Wendy’s: Shares Not On The Cheap Side, But Impressive Technical Momentum

Sign of Wendy"s restaurant in Niagara Falls, Ontario, Canada.

JHVEPhoto

Consumers are getting strapped, with the Personal Saving Rate down to the lowest level since 2005. The latest jobs report, though, actually showed that yearly hourly earnings are above the most recent Core PCE figure. Still, there’s no doubt that folks are spending down their excess savings. One restaurant could benefit from relatively less expensive food away from home, but the shares have a valuation premium.

FAH-FAFH Spreads Favors Restaurants

FAH-FAFH Spreads Favors Restaurants

BofA Global Research

According to Bank of America Global Research, Wendy’s (NASDAQ:WEN) is the third-largest hamburger quick-service restaurant chain. The company is trying to reinforce its historical brand positioning as a premium QSR brand through major remodels and product differentiation. Wendy’s is increasing its franchise mix and trying to restart unit growth in North America and internationally, where the brand has very little presence.

The Ohio-based $4.8 billion market cap Hotels, Restaurants, & Leisure industry company within the Consumer Discretionary sector trades at a high 26.2 trailing 12-month GAAP price-to-earnings ratio and pays a 2.2% dividend yield, according to The Wall Street Journal.

Recently, Wendy’s issued mixed Q3 results but mentioned that it had strong revenues from breakfast foods. Importantly, the management team reiterated FY 2022 guidance as the consumer, while strapped, might be trading down to Wendy’s low-cost fast food. Wendy’s remains a holding of activist investor and fund manager Nelson Peltz through Trian Fund Management. You can’t rule out a takeover of this name, either.

Downside risks include tough comps as the firm’s financials will roll off the launch of its breakfast lineup, which happened back in 2021. Also, significant international exposure is a question mark given tepid global GDP growth next year. Upside potential stems from improving high-margin breakfast sales, a lower US dollar, and possible M&A or strategic partnerships.

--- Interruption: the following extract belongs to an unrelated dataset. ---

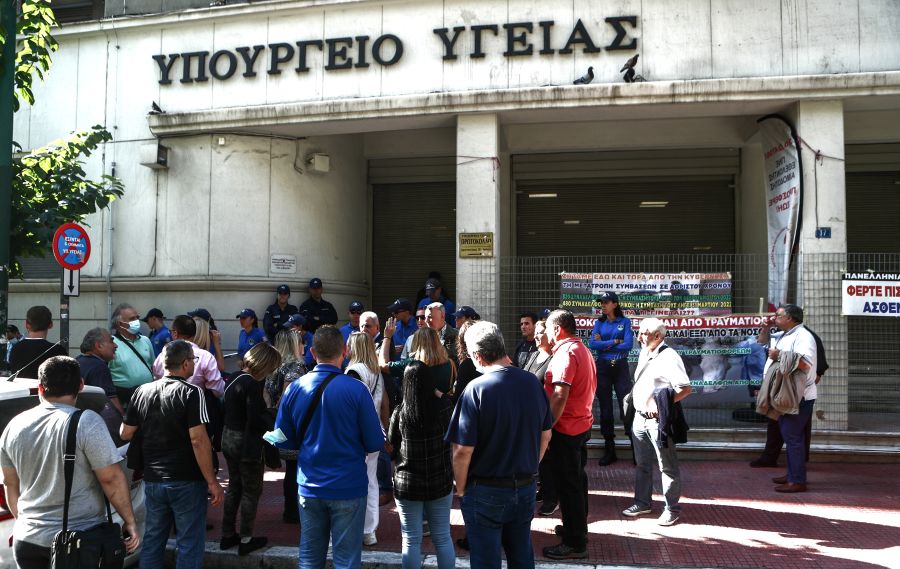 Στάση εργασίας τραυματιοφορέων: Στο «κόκκινο» τα δημόσια νοσοκομεία - FinanceNews.gr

On valuation, analysts at BofA see earnings having risen at about the rate of inflation this year, but then rising nicely in 2023 and 2024. Dividends are expected to be flat near $0.40, though the latest payout announcement was for $0.125, implying a $0.50 forward annual yield. Wendy’s operating P/E still looks pricey even with 10% EPS growth, leading to a PEG near 2.0, while its EV/EBITDA ratio is high above 15. The restaurant chain generates significant free cash flow, though. Overall, the valuation looks a bit expensive when weighing all the evidence.

Wendy’s: Earnings, Valuation, Dividend Forecasts

Wendy's: Earnings, Valuation, Dividend Forecasts

BofA Global Research

Looking ahead, corporate event data provided by Wall Street Horizon shows a confirmed Q4 2022 earnings date of Wednesday, March 1. Before that, the stock has a dividend pay date of December 15 and the firm’s share repurchase program ends on February 28, 2023.

Corporate Event Calendar

Corporate Event Calendar

Wall Street Horizon

The Options Angle

Data from Options Research & Technology Services (ORATS) show an expected Q4 earnings-related stock price move of 5.1% using the nearest-expiring at-the-money straddle. So, thus far, there is little in the way of expected excess volatility in the cards.

WEN: Shares Rallied After Its Recent EPS Beat

WEN: Shares Rallied After Its Recent EPS Beat

ORATS

The Technical Take

WEN is a high relative strength chart in the last several months. Notice how shares broke above a key range just below $22 last month. That yields a bullish price objective to near $24.50 – which is important as that has been a historical point of profit-taking by the bulls. The stock paused there in late 2020, late 2021, and once again earlier this year. A breakout above $25 would likely lead to a test of the mid-2021 high above $29. For now, being long technically with a stop under $21 looks good on the charts.

WEN: Strong Momentum Confirms A Rising Stock Price, Targeting $24.50 to $25

WEN: Strong Momentum Confirms A Rising Stock Price, Targeting $24.50 to $25

StockCharts.com

The Bottom Line

I like Wendy’s technically, but the valuation is high. Long-term investors should wait for earnings to arrive so that the P/E hopefully retreats somewhat. Short-term traders looking at the charts should consider being long, however. This is one of the stocks that has a different taste based on one’s time horizon and style. That’s how it goes sometimes.